On July 5, 2013, the AU froze Egypt’s membership in the union in response to the ouster of former President Mohamed Morsi.
However, Edris said the AU Security and Peace Council will decide in a June 25 meeting to repeal freezing Egypt’s membership, so Egypt will have the right to participate in the AU summit beginning the next day.
Ethiopian President Mulatu Teshome sent a letter to Sisi, congratulating him on winning the presidency and Ethiopian Foreign Minister Tedros Adhanom Ghebreyesus attended Sisi’s inauguration ceremony on June 8.

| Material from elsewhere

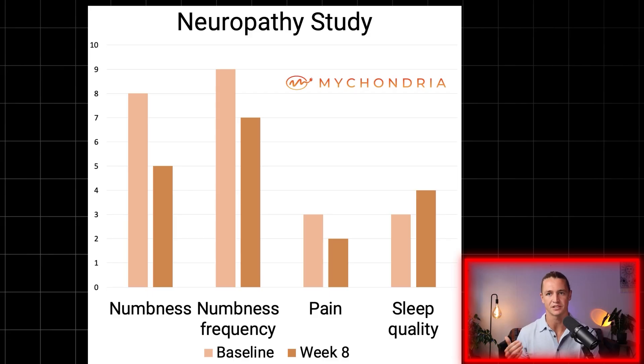So what were the results? Every week each participant would fill out a form and rank their symptoms on a scale of one to ten. At the end of eight weeks: we had a 38% reduction in numbness intensity, a 22% reduction in numbness frequency, a 33% reduction in pain, and a 25% increase in sleep quality.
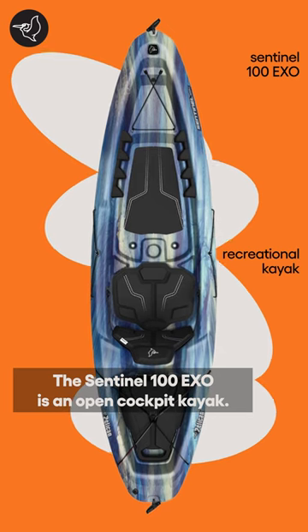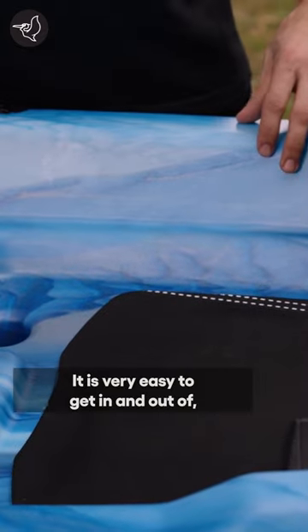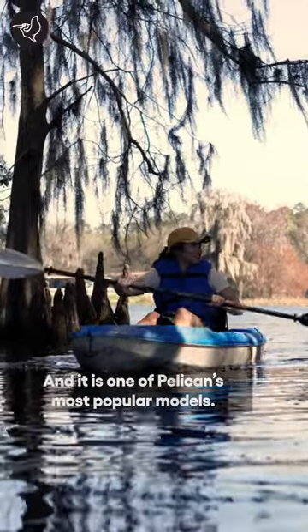The Sentinel 100 XO is an open cockpit kayak. It is very easy to get in and out of. In fact, that's why we call it a sit-on-top. And it is one of Pelican's most popular models.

Concerning the Grand Ethiopian Renaissance Dam which sparked disputes between Egypt and Ethiopia over water rights, as Egypt’s share of Nile water may decrease after the dam is finished, Derir told Asharq Al-Awsat “our relations with Egypt are not limited to the issue of the Renaissance Dam.”
Some estimates indicate the dam is expected to reduce Egypt’s annual share of Nile water by 12 billion cubic meters. Both countries have convened many meetings to ease tensions over the project, but no final solution has been reached.
Ethiopia began construction on the Grand Renaissance Dam two months after former President Hosni Mubarak stepped down in 2011. It is scheduled for completion in 2017.
“As our foreign minister said, there will be a solution in the future,” Derir told Asharq Al-Awsat.
A committee formed last year included Egypt, Ethiopia and Sudan in discussions to reach a solution over the dam, but its work was stopped after disputes emerged.
However, Adhanom told the state-run MENA news Tuesday that after meetings with Sisi and Egyptian Foreign Minister Nabil Fahmy, they have agreed on resuming political dialogue between Ethiopia, Egypt and Sudan.